The Hilbert function of the homogeneous toppling ideal.
OUTPUT:
list of nonnegative integers
EXAMPLES:
sage: s = sandpiles.Wheel(5)
sage: s.hilbert_function()
[1, 5, 15, 31, 45]
sage: s.h_vector()
[1, 4, 10, 16, 14]
The saturated homogeneous toppling ideal. If gens is True, the generators for the ideal are returned instead.
INPUT:
gens – (default: False) boolean
OUTPUT:
ideal or, optionally, the generators of an ideal
EXAMPLES:
sage: S = sandpiles.Diamond()
sage: S.ideal()
Ideal (x2*x1 - x0^2, x3^2 - x0^2, x1^3 - x3*x2*x0, x3*x1^2 - x2^2*x0, x2^3 - x3*x1*x0, x3*x2^2 - x1^2*x0) of Multivariate Polynomial Ring in x3, x2, x1, x0 over Rational Field
sage: S.ideal(True)
[x2*x1 - x0^2, x3^2 - x0^2, x1^3 - x3*x2*x0, x3*x1^2 - x2^2*x0, x2^3 - x3*x1*x0, x3*x2^2 - x1^2*x0]

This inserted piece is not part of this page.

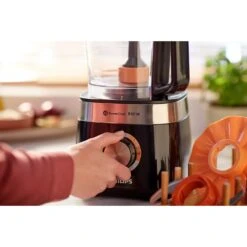 Philips Keukenmachine HR7530/10 Viva 850W Zwart/RVS 12 Philips Keukenmachine HR7530/10 Viva 850W Zwart/RVS -Home-Keuken 212 5011 6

sage: S.ideal().gens() # another way to get the generators
[x2*x1 - x0^2, x3^2 - x0^2, x1^3 - x3*x2*x0, x3*x1^2 - x2^2*x0, x2^3 - x3*x1*x0, x3*x2^2 - x1^2*x0]

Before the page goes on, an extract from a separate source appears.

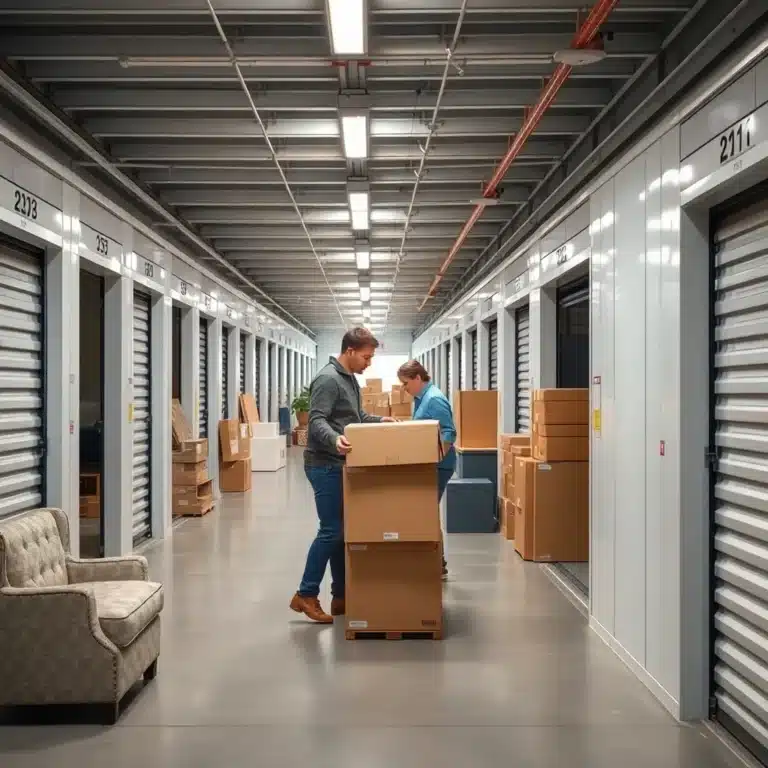 Glenwood Storage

The identity configuration. If verbose is False, the configuration are converted to a list of integers.
INPUT:
verbose – (default: True) boolean
OUTPUT:
SandpileConfig or a list of integers If verbose is False, the configuration are converted to a list of integers.
EXAMPLES:
sage: s = sandpiles.Diamond()
sage: s.identity()
{1: 2, 2: 2, 3: 0}
sage: s.identity(False)
[2, 2, 0]
sage: s.identity() & s.max_stable() == s.max_stable()
True
The in-degree of a vertex or a list of all in-degrees.
INPUT:
v – (optional) vertex name
OUTPUT:
integer or dict
EXAMPLES:
sage: s = sandpiles.House()
sage: s.in_degree()
{0: 2, 1: 2, 2: 3, 3: 3, 4: 2}
sage: s.in_degree(2)
3
The invariant factors of the sandpile group.
OUTPUT:
list of integers
EXAMPLES:
sage: s = sandpiles.Grid(2,2)
sage: s.invariant_factors()
[1, 1, 8, 24]
Is the underlying graph undirected? True if \((u,v)\) is and edge if and only if \((v,u)\) is an edge, each edge with the same weight.
OUTPUT:
boolean
EXAMPLES:
sage: sandpiles.Complete(4).is_undirected()
True
sage: s = Sandpile({0:[1,2], 1:[0,2], 2:[0]}, 0)
sage: s.is_undirected()
False
Representatives for the elements of the Jacobian group. If verbose is False, then lists representing the divisors are returned.
INPUT:
verbose – (default: True) boolean
OUTPUT:
list of SandpileDivisor (or of lists representing divisors)
EXAMPLES:
For an undirected graph, divisors of the form s - deg(s)*sink as s varies over the superstables forms a distinct set of representatives for the Jacobian group.:
sage: s = sandpiles.Complete(3)
sage: s.superstables(False)
[[0, 0], [0, 1], [1, 0]]
sage: s.jacobian_representatives(False)
[[0, 0, 0], [-1, 0, 1], [-1, 1, 0]]
If the graph is directed, the representatives described above may by equivalent modulo the rowspan of the Laplacian matrix:
sage: s = Sandpile({0: {1: 1, 2: 2}, 1: {0: 2, 2: 4}, 2: {0: 4, 1: 2}},0)
sage: s.group_order()
28
sage: s.jacobian_representatives()
[{0: -5, 1: 3, 2: 2}, {0: -4, 1: 3, 2: 1}]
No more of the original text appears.